The ‘true truth’ is non-violent. Really? Jesus’ assault on the money changers challenges that statement, as does the image of him in Rev 19:
“I saw heaven standing open and there before me was a white horse, whose rider is called Faithful and True. With justice he judges and wages war. 12 His eyes are like blazing fire, and on his head are many crowns. He has a name written on him that no one knows but he himself. 13 He is dressed in a robe dipped in blood, and his name is the Word of God. 14 The armies of heaven were following him, riding on white horses and dressed in fine linen, white and clean. 15 Coming out of his mouth is a sharp sword with which to strike down the nations. “He will rule them with an iron scepter.”
That final verse is a quote from Ps 2 which says:
and I will make the nations your inheritance,
the ends of the earth your possession.
You will break them with a rod of iron;
you will dash them to pieces like pottery.
And even in the New Testament we have the story God taking it out on a ruler (Acts 12)
Then Herod went from Judea to Caesarea and stayed there. He had been quarreling with the people of Tyre and Sidon; they now joined together and sought an audience with him. After securing the support of Blastus, a trusted personal servant of the king, they asked for peace, because they depended on the king’s country for their food supply.
On the appointed day Herod, wearing his royal robes, sat on his throne and delivered a public address to the people. They shouted, “This is the voice of a god, not of a man.” Immediately, because Herod did not give praise to God, an angel of the Lord struck him down, and he was eaten by worms and died.
So what do we make of a leading theologian coming up with this phrasing? He’s right to some extent – God’s way FOR NOW is not to have Christians use force to impose their way of living. However this is easily heard as suggesting that this is God’s only game plan, which leaves Christians looking absurdly unrealistic. This is not healthy for the effectiveness of our evangelism, and we surely need to resist soggy quotes that give the world the wrong impression about our God.
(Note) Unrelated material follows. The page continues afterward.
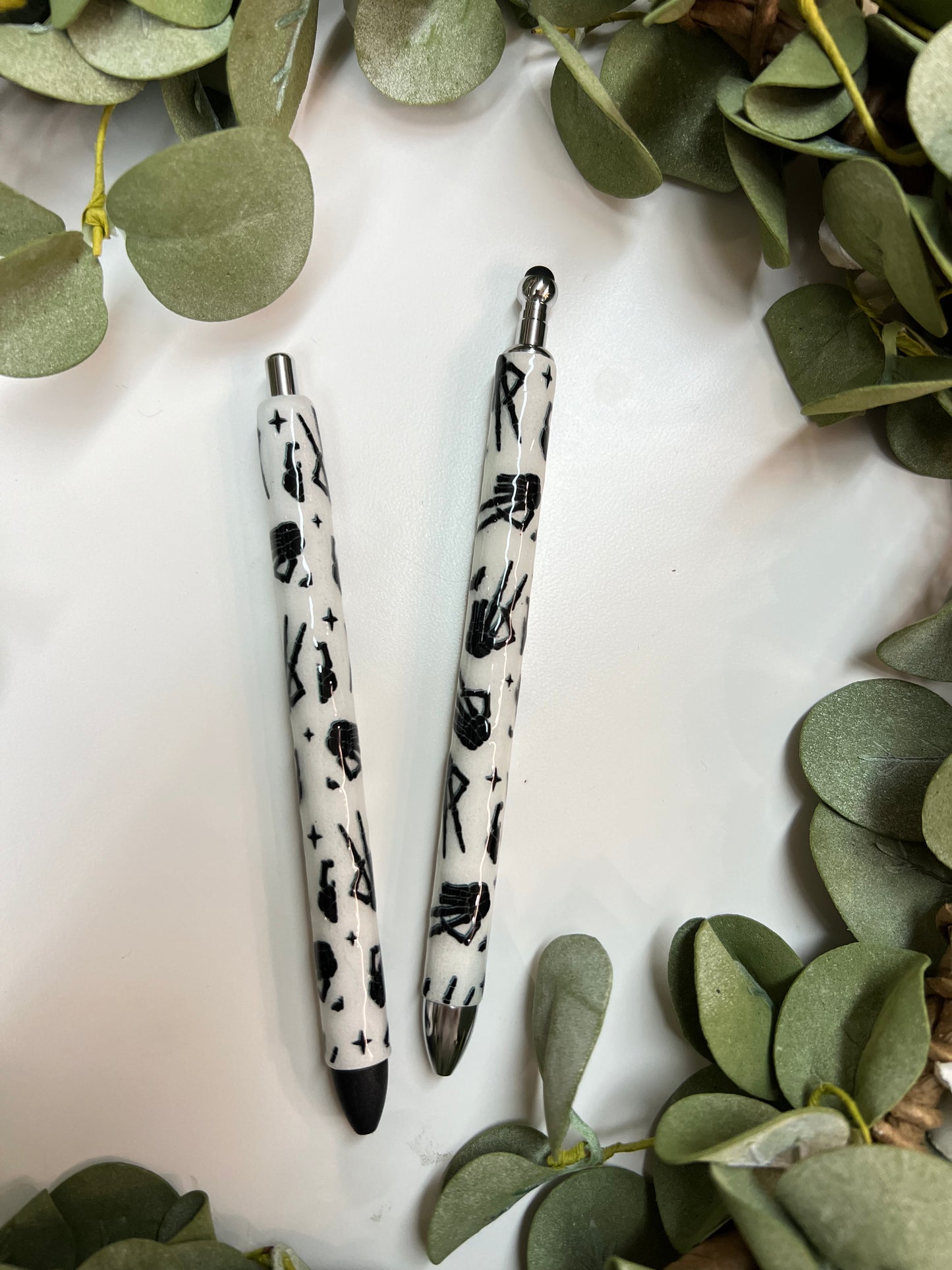 (RTS) SKELLY PEACE SIGN PEN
Too often what they hear is: ‘It doesn’t matter how you live, but you might find God helpful’. Paul, addressing the dilettantes of Athens offers: ‘“Therefore since we are God’s offspring, we should not think that the divine being is like gold or silver or stone—an image made by human design and skill. In the past God overlooked such ignorance, but now he commands all people everywhere to repent. For he has set a day when he will judge the world with justice by the man he has appointed. He has given proof of this to everyone by raising him from the dead.” (Acts 17)
Of course the former is a lot more comfortable to be preaching!